▶ [Task] Could you retype the lines below, starting at the line holding "What do you" and stopping at the line holding "Hi, my name", inclusive? Copy them exactly and drop the images.

▶ [Listed entries]

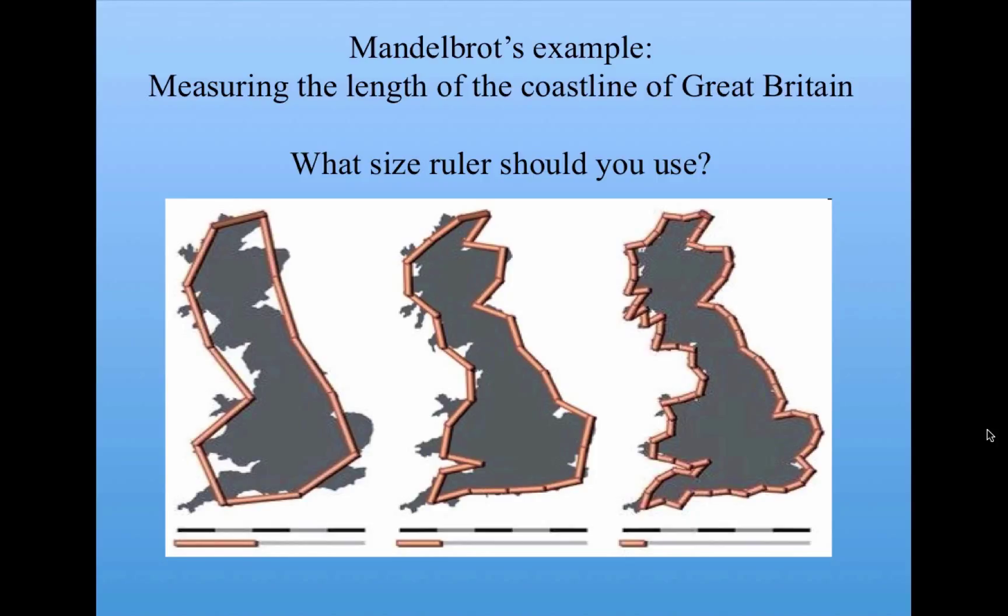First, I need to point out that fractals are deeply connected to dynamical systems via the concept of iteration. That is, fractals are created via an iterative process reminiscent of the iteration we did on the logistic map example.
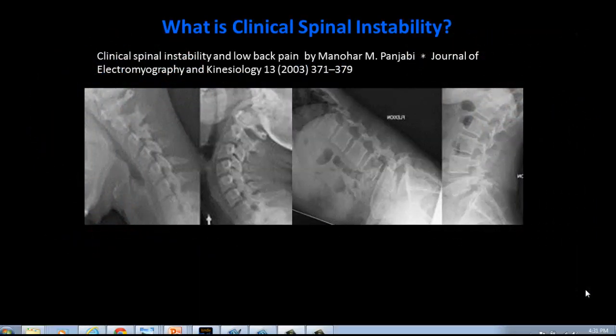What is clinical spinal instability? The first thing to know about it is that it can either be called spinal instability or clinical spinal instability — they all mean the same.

---

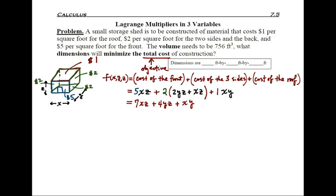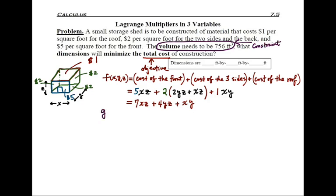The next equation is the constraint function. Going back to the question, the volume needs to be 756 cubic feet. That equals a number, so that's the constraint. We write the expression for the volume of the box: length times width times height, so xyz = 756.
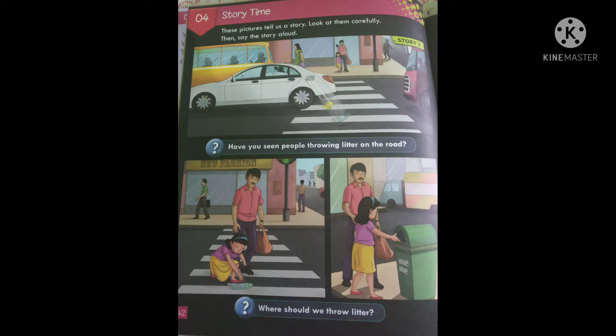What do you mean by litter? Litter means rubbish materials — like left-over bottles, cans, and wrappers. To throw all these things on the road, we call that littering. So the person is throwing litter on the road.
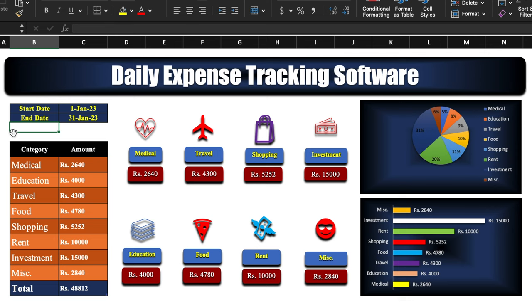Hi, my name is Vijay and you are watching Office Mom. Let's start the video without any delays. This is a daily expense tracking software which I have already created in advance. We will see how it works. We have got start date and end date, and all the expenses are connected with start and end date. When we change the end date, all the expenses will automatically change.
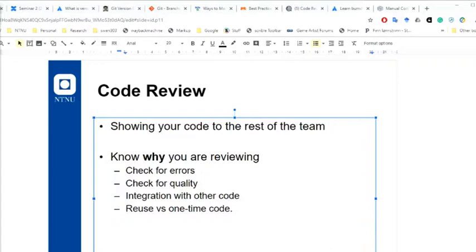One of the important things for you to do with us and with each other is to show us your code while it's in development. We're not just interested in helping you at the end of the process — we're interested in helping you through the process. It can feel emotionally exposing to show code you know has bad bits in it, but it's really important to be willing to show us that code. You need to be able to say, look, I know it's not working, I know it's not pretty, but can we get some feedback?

▶ [Result]
What do you mean by litter? Litter means rubbish materials — like left-over bottles, cans, and wrappers. To throw all these things on the road, we call that littering. So the person is throwing litter on the road.
Hi, my name is Vijay and you are watching Office Mom. Let's start the video without any delays. This is a daily expense tracking software which I have already created in advance. We will see how it works. We have got start date and end date, and all the expenses are connected with start and end date. When we change the end date, all the expenses will automatically change.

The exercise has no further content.